* Work request: Each entry is to be repeated word for word, and the images are to be dropped.

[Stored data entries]
++++++

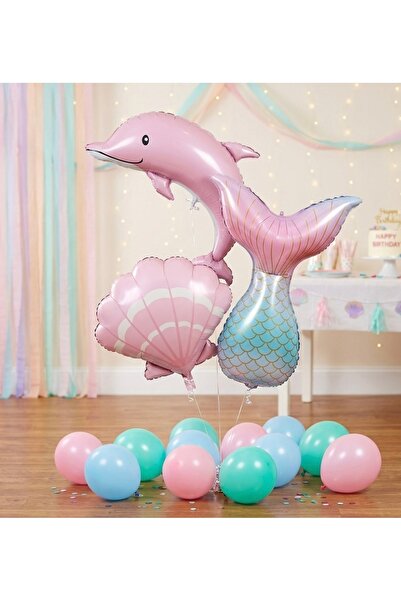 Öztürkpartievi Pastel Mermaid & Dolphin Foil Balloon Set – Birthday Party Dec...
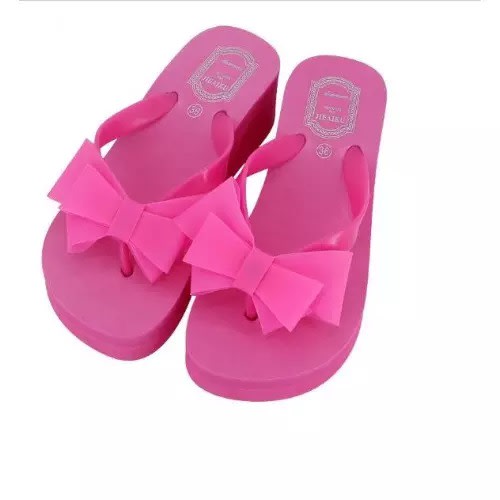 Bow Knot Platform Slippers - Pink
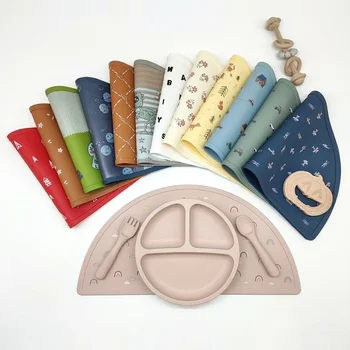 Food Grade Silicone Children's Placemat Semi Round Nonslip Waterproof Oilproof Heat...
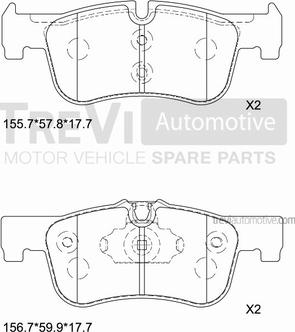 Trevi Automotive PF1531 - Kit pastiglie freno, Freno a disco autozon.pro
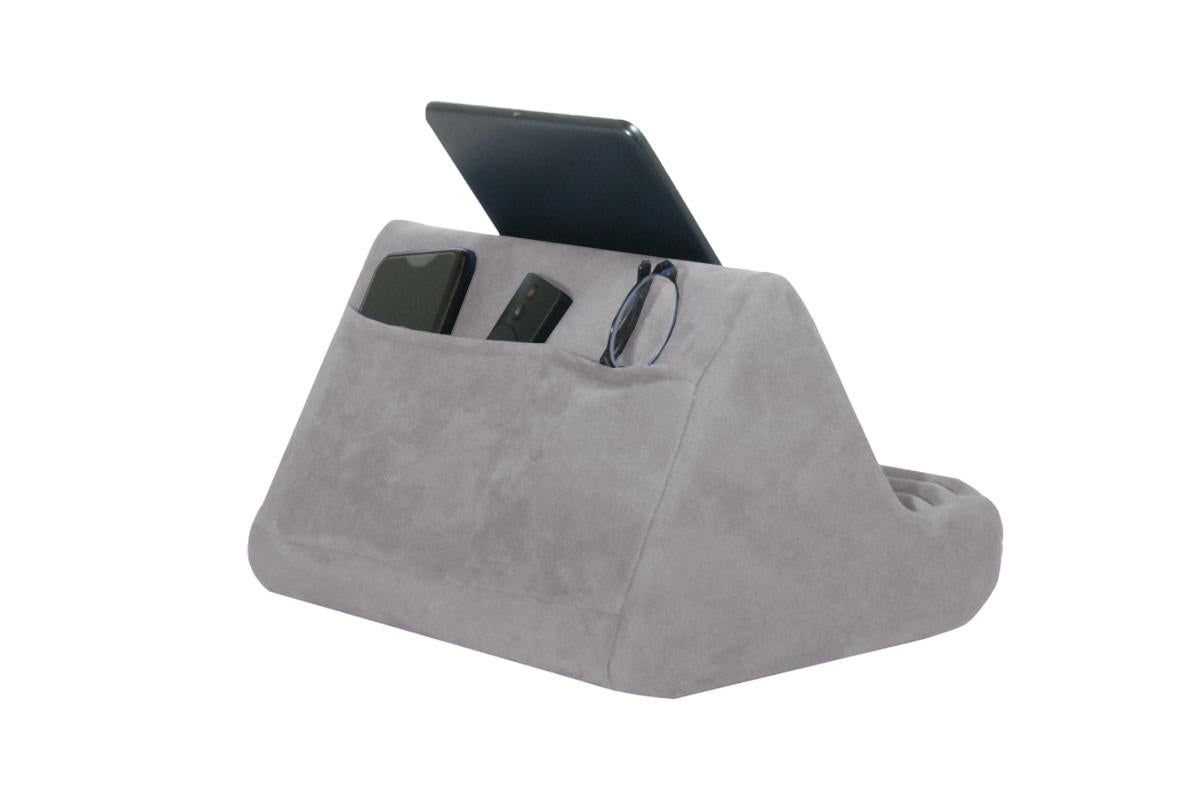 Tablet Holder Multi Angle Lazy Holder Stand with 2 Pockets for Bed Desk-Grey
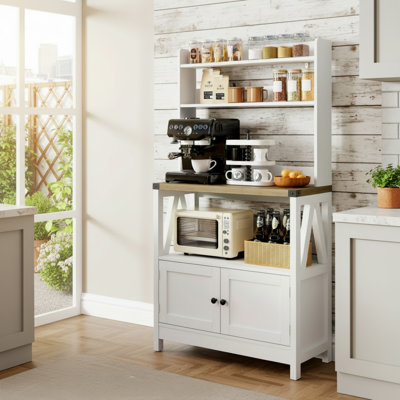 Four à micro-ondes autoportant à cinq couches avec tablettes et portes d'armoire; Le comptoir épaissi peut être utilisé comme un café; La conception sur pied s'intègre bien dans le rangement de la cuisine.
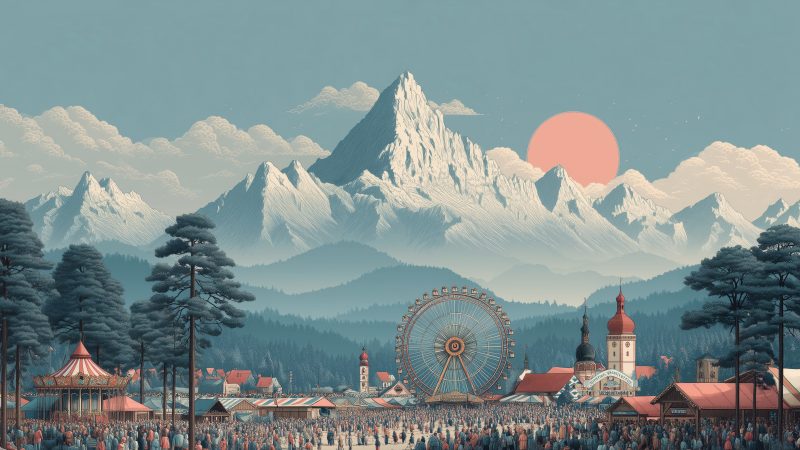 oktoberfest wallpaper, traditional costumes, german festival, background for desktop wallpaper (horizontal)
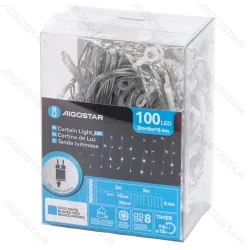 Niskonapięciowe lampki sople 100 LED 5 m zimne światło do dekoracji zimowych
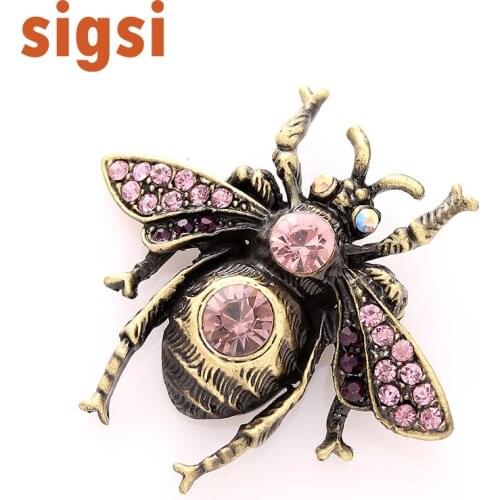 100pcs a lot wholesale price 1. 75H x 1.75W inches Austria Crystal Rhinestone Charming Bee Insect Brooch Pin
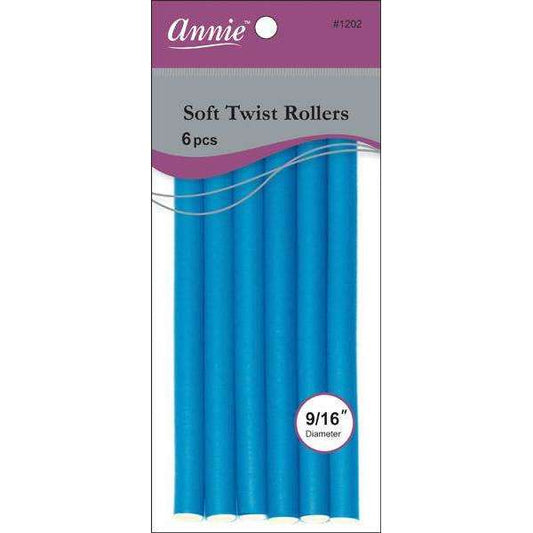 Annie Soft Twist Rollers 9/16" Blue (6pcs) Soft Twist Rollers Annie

++++++

* Answer to the exercise:
 Öztürkpartievi Pastel Mermaid & Dolphin Foil Balloon Set – Birthday Party Dec...
 Bow Knot Platform Slippers - Pink
 Food Grade Silicone Children's Placemat Semi Round Nonslip Waterproof Oilproof Heat...
 Trevi Automotive PF1531 - Kit pastiglie freno, Freno a disco autozon.pro
 Tablet Holder Multi Angle Lazy Holder Stand with 2 Pockets for Bed Desk-Grey
 Four à micro-ondes autoportant à cinq couches avec tablettes et portes d'armoire; Le comptoir épaissi peut être utilisé comme un café; La conception sur pied s'intègre bien dans le rangement de la cuisine.
 oktoberfest wallpaper, traditional costumes, german festival, background for desktop wallpaper (horizontal)
 Niskonapięciowe lampki sople 100 LED 5 m zimne światło do dekoracji zimowych
 100pcs a lot wholesale price 1. 75H x 1.75W inches Austria Crystal Rhinestone Charming Bee Insect Brooch Pin
 Annie Soft Twist Rollers 9/16" Blue (6pcs) Soft Twist Rollers Annie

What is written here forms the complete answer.